Ahead of the festival’s opening on 28th May, a coalition of 145 Tibet-related organizations also called for the immediate cancellation of the “Xizang Panorama”, a plea that was not heeded by KIMFF.
“Leaving Fear Behind” is one of the few films that authentically captures the true voices of ordinary Tibetan people living under Chinese repression in occupied Tibet. The screening of propaganda films about Tibet undermines the risk, courage, and authenticity embodied in such works.
While their tapes containing 35 hours of footage spanning a five-month period were smuggled into exile and made into a 25-minute documentary film, the duo were arrested in 2008 for their work.
Dhondup Wangchen was sentenced to six years in prison on 28 December 2009, on the charges of ‘subversion of state power’ and was released on 5 June 2014. Following his release, he escaped from Tibet and reunited with his family on Christmas Day in the US in 2017.

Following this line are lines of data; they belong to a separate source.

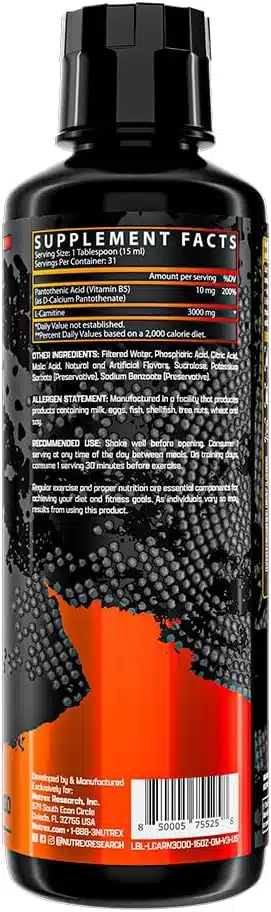 Nutrex Carnitina 3000, 16 oz l-carnitine - Imagen 2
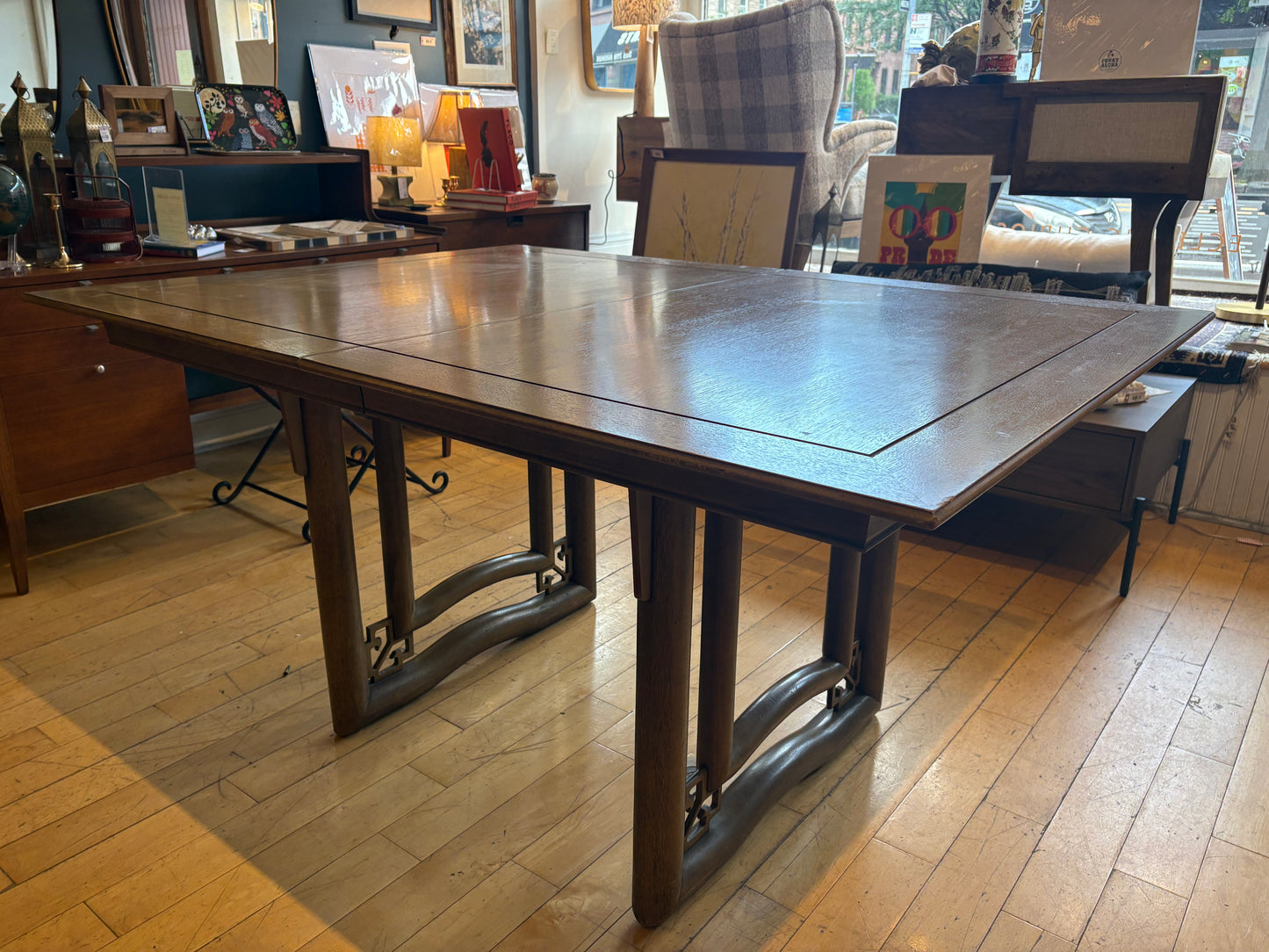 Asian Inspired Light Walnut Dining Table w/ 3 Leaves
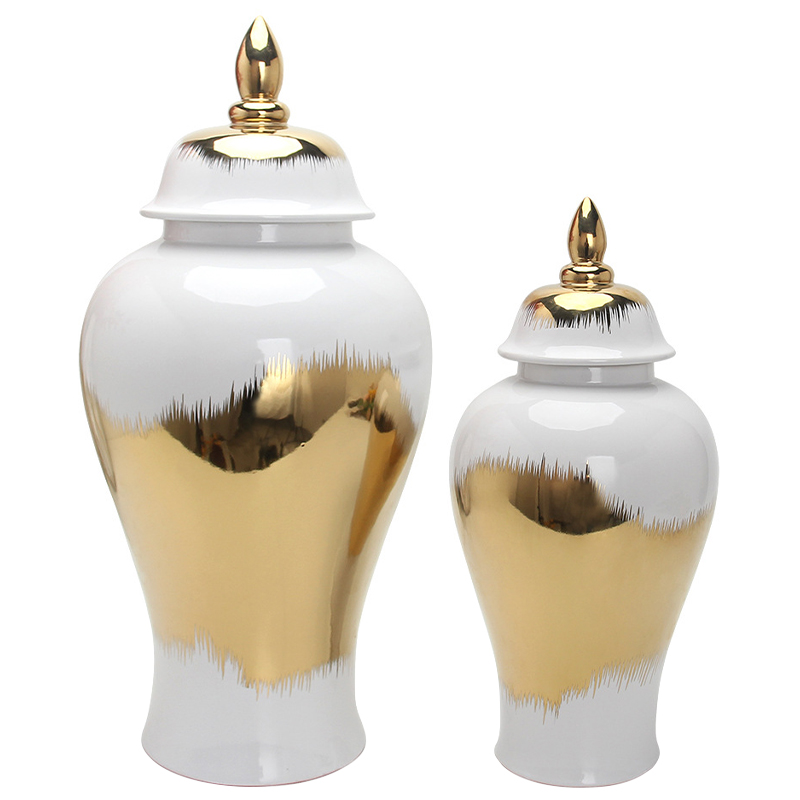 Ваза с крышкой White Gold Spot Vase Золотой Белый Ваза с крышкой White Gold Spot Vase Золотой Белый в Липецке | Loft Concept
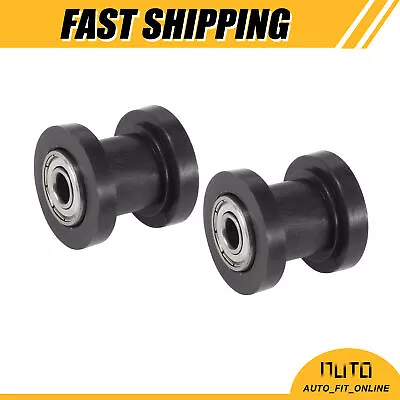 TWO 8mm Chain Tensioner Roller Slider Pulley Wheel Idler For Motorcycles Black • $13.49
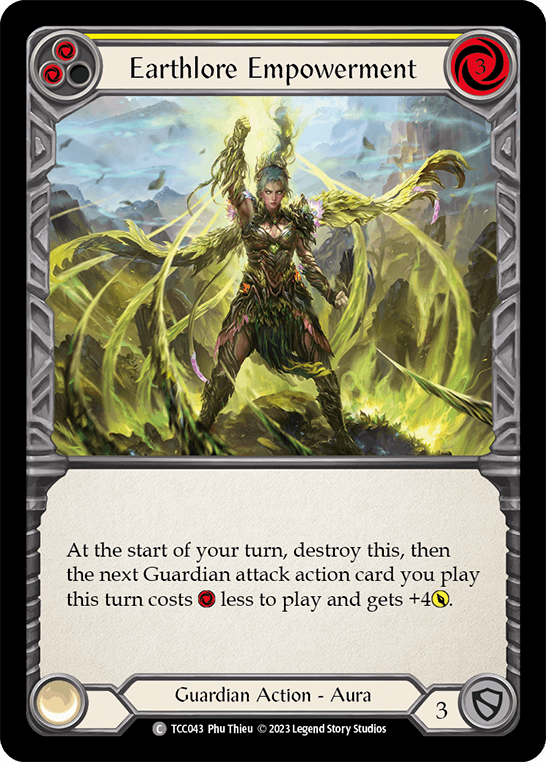 Earthlore Empowerment (Yellow) — Round the Table: TCCxLSS Flesh and Blood card by Phu Thieu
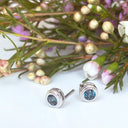 Silver Double Tube London Blue Topaz Earrings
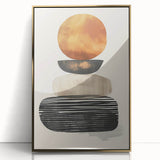 Contemporary Canvas Art – Earthy Stacked Shapes in Warm Tones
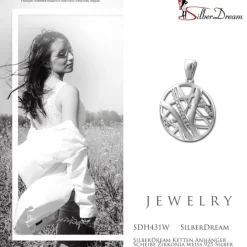 SilberDream Ketten Anhänger Scheibe Zirkonia weiß 925 Silber SDH431W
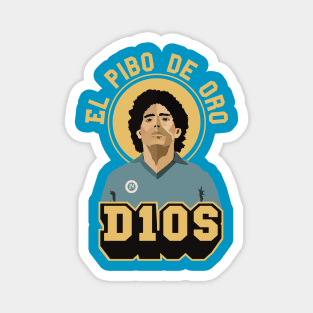 El Pibe de Oro - Diego Maradona - D10S - Portrait for True Football Aficionados Magnet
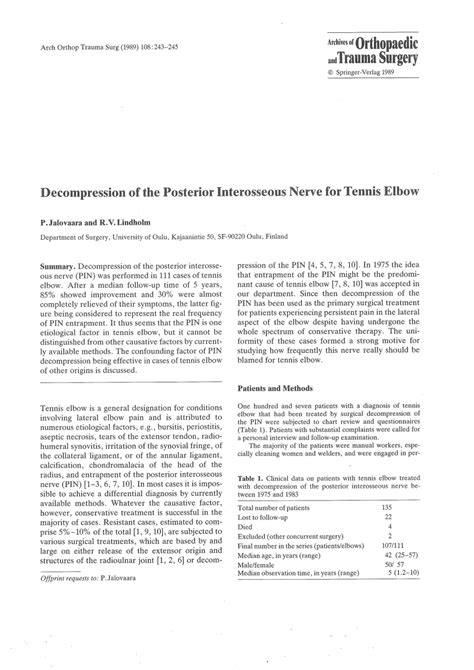 Pdf Decompression Of The Posterior Interosseous Nerve For Tennis Elbow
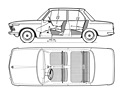 BMW 1600 (1966) - viel Nutzraum im kompakten Sportler - Skizze mit Abmessungen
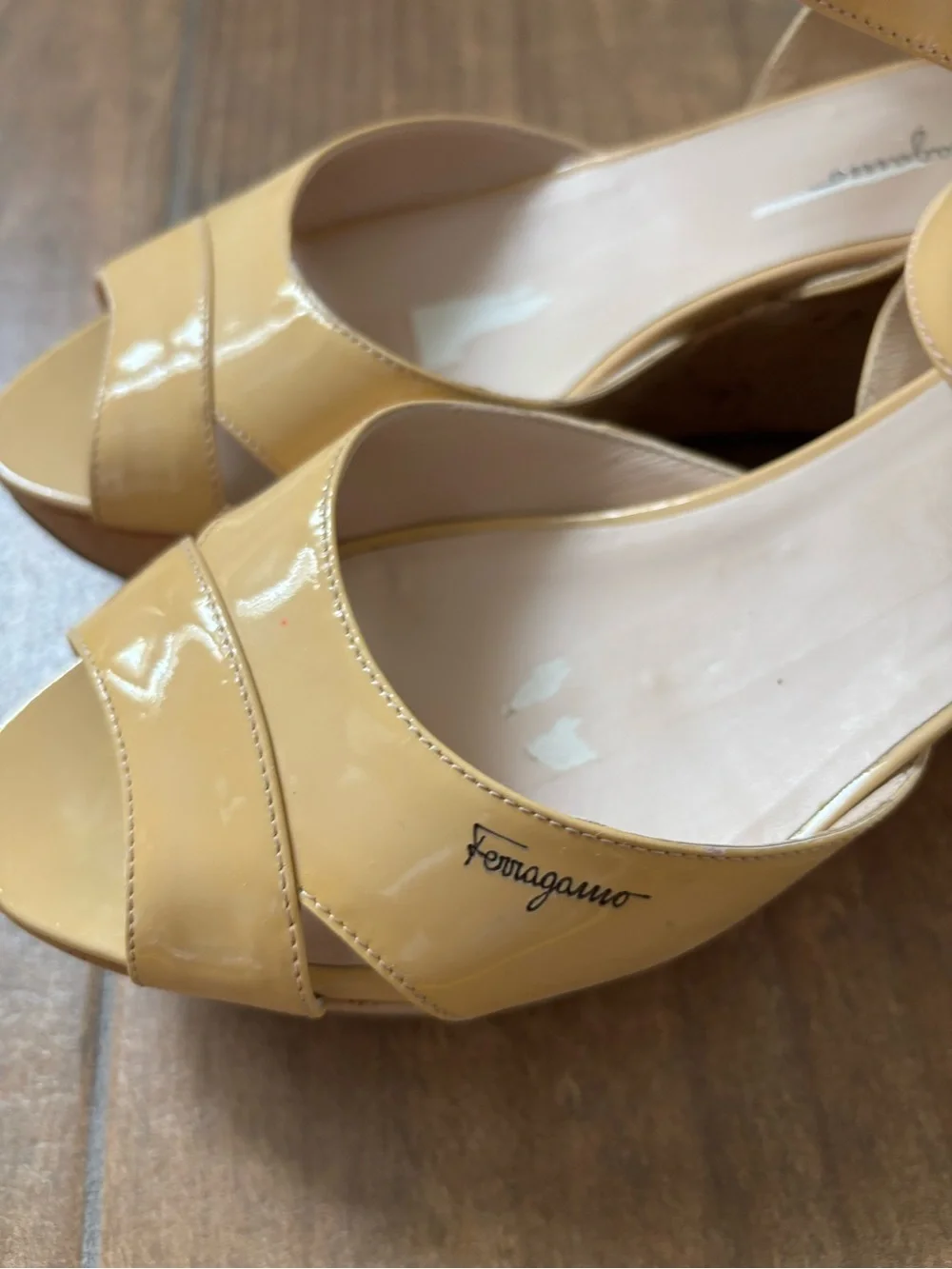 Salvatore Ferragamo Patent Leather My Sunset Cork Wedge Sandals Size 7.5 M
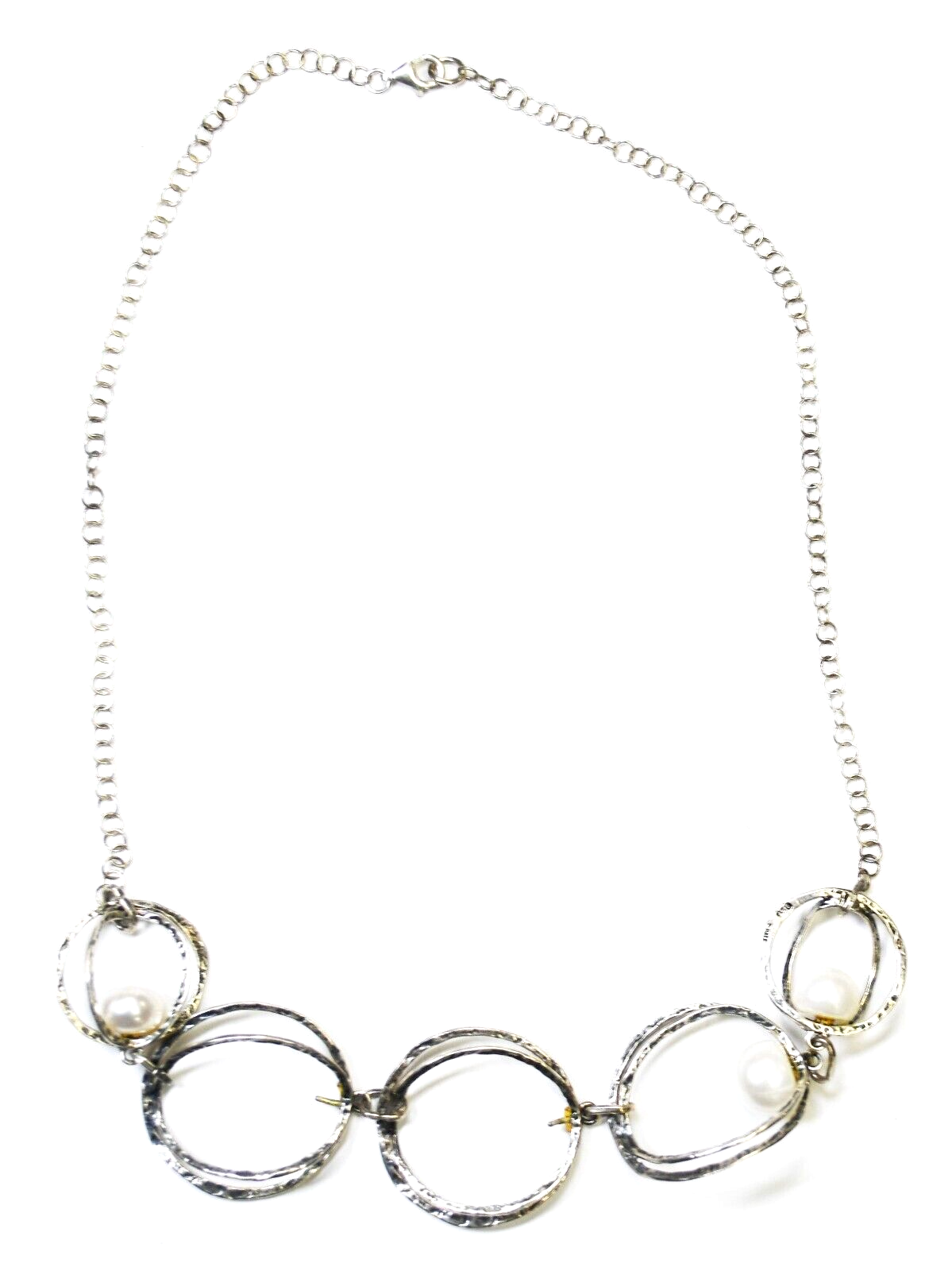 Sterling Regina Lane Hammered Hoop Pearl Necklace 27mm 18"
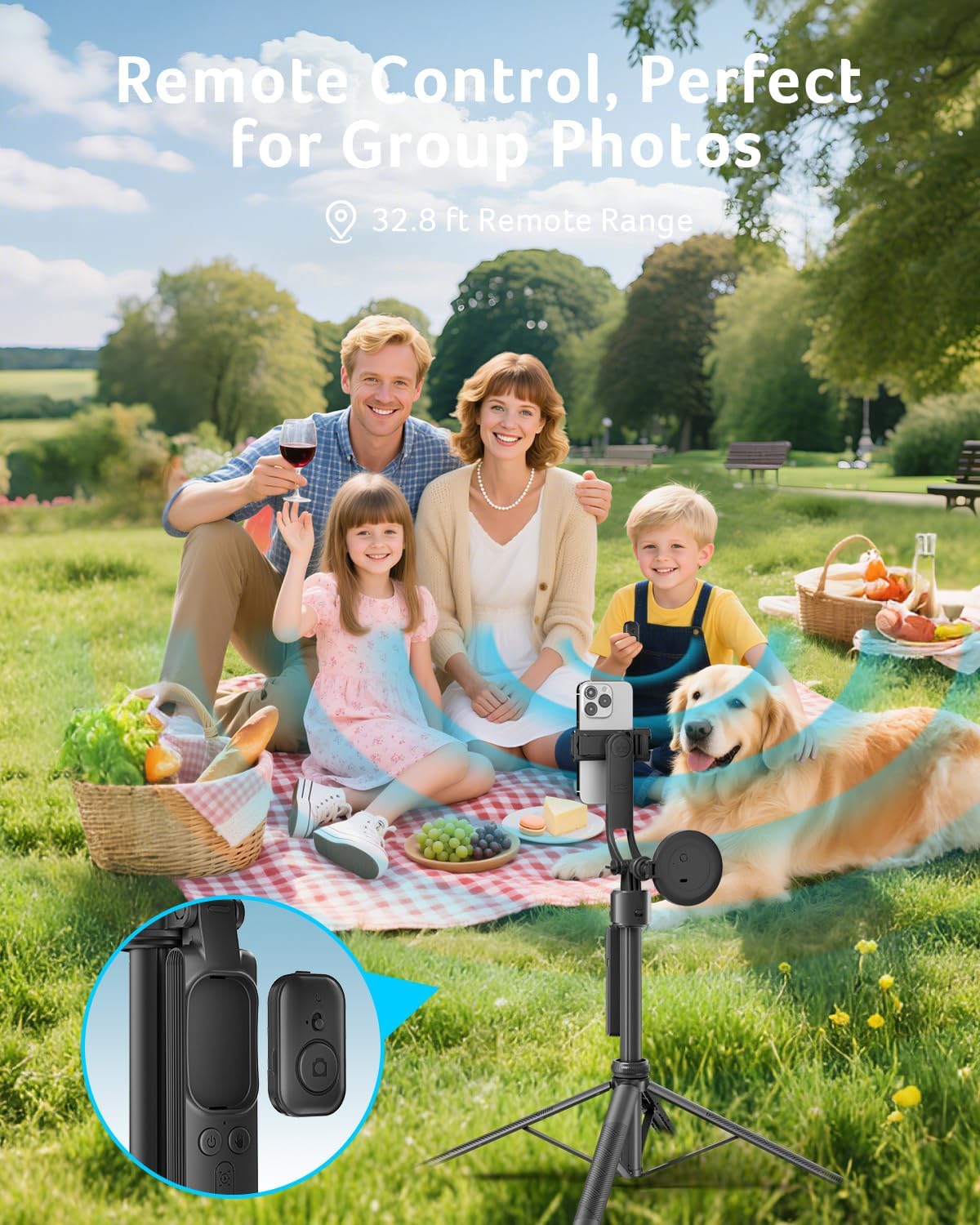 Thumbnail 5 de Acer Gadget Auto Face Tracking Tripod Selfie Stick (64.4 in) with Light & Remote for iPhone, Cell Phones, Android, and Cameras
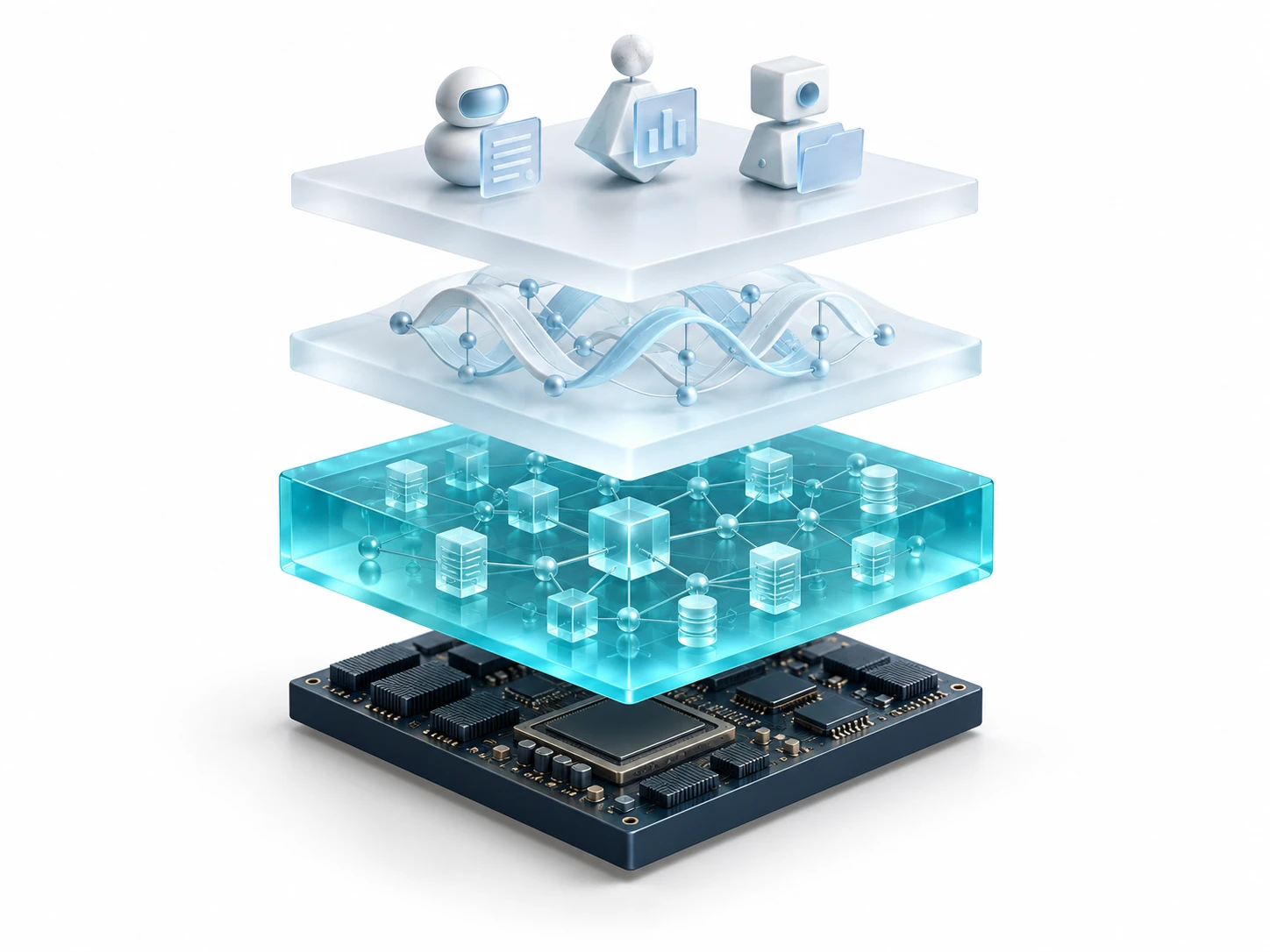 Four architectural layers, with the knowledge layer highlighted in teal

Golog Jigme was detained for seven months, during which he was severely tortured by the prison authorities. After his release, he was constantly harassed by the authorities and rearrested on several occasions. Jigme then disappeared in 2012 after Chinese police issued official orders for his arrest on trumped-up “murder charges”. After hiding in the mountains for one year and eight months, he managed to escape Tibet and reached the Tibetan Reception Centre in Dharamsala safely on 18 May 2014. He currently lives in Switzerland.
Now living in exile, they continue to share their story and advocate for the Tibetan people worldwide.